For many athletes, a higher lean tissue mass and lower fat mass is advantageous. For athletes who compete in sports with varying weight categories, being able to control their body weight and composition is an essential part of conditioning. Appetite plays an influential role in altering the balance between energy intake and expenditure which leads to changes in weight.
A recent randomized double-blind placebo-controlled trial published in Nutrition Clinique et Métabolisme (DOI: https://doi.org/10.1016/j.nupar.2021.08.004), investigated whether omega-3 intake alters the appetite in healthy athletes with normal body fat percentage during the short-term. The duration of the study was three weeks.

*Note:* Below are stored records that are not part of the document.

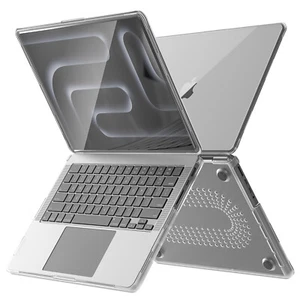 Coque coque coque antichoc transparente TPU souple pour MacBook Pro 14" M4/M3/M2/M1 - Photo 1/15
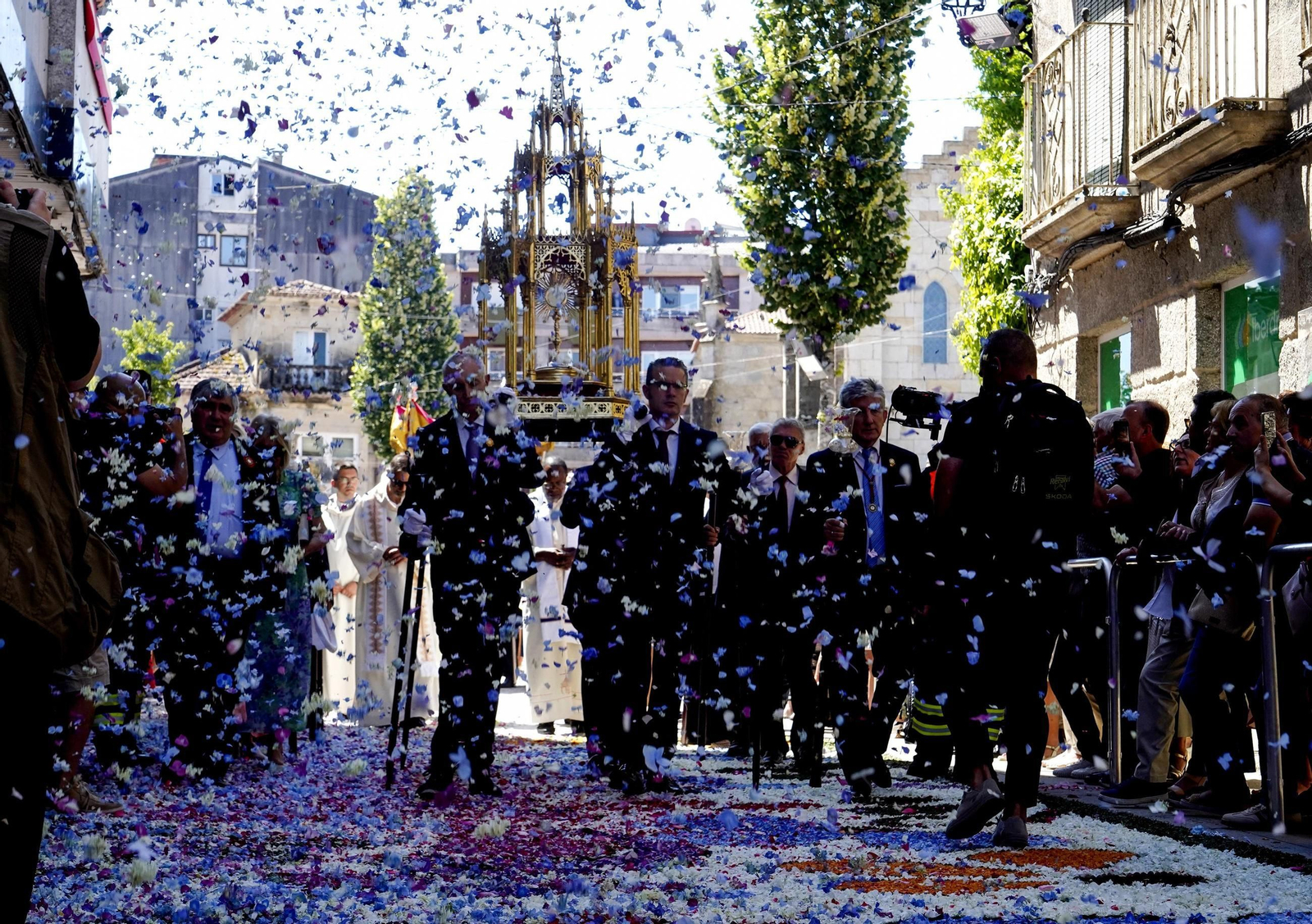 Celebración del Corpus en Ponteareas.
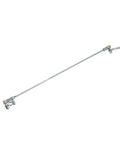 Outboard Kicker Motor Steering Kit With Steering Wheel Linkage, 24 Inch Zinc Plated Rod, Quick Disconnect Assemblies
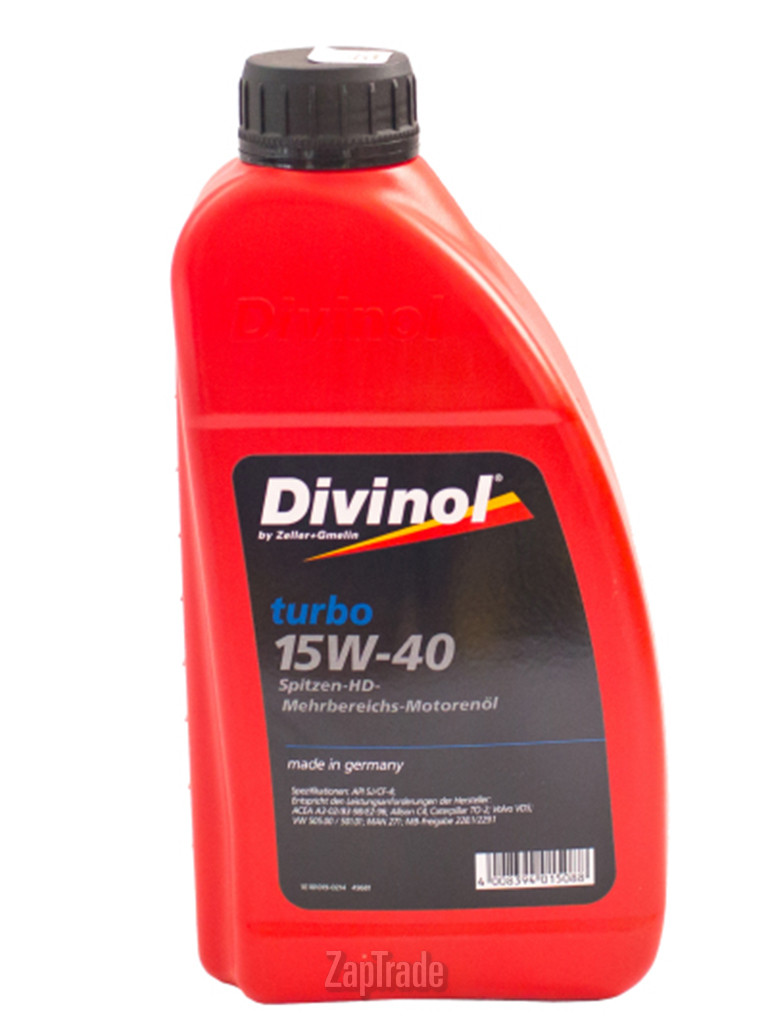 ������ �������� ����� Divinol Turbo 15W-40 ����������������� | ������� 49681-C069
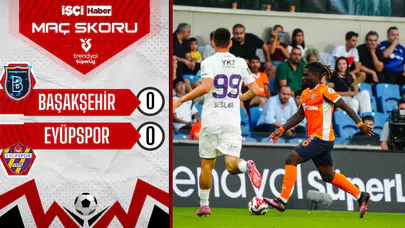 Başakşehir-Eyüpspor maçında gol sesi çıkmadı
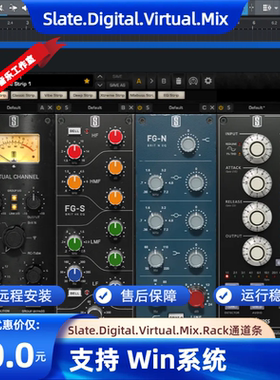 板岩Slate Digital Virtual 通道条效果器话筒建模EQ压缩效果器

The 72 participants were all male athletes recruited in Iran who were ranked nationally or were part of a professional sports league, between 20 to 30 years old, with a body mass index (BMI) between 18.5 to 25kg/m2. The participants avoided dietary supplements at least 6 months before and throughout the intervention, were non-smokers, and did not have a history of coagulopathy blood disease, kidney disease, liver damage, pancreatitis, diabetes, cancer, thyroid disorders, inflammatory diseases, or heart disease. Both intervention and placebo groups received two soft gel capsules to take per day with a meal. Participants in the intervention group took the omega-3 capsules (2000 mg/day omega-3; EPA: 360 mg, DHA: 240 mg). Appetite was assessed using a 10 cm visual analog scale (VAS) questionnaire with six items: hunger, satisfaction, desire to eat, desire to eat sweet, desire to eat salty, and desire to eat fatty.
After three weeks of omega-3 supplementation, participants reported an increased hunger sensation, desire to eat, and desire to eat sweet foods. The intervention group also increased their carbohydrate intake; however, body weight and body composition were unaffected. These results suggest that omega-3 supplementation increases the appetites of healthy athletic men.
The researchers conclude that “the finding of this study would be beneficial for patients with appetite-related disorders and athletes who need to gain weight.”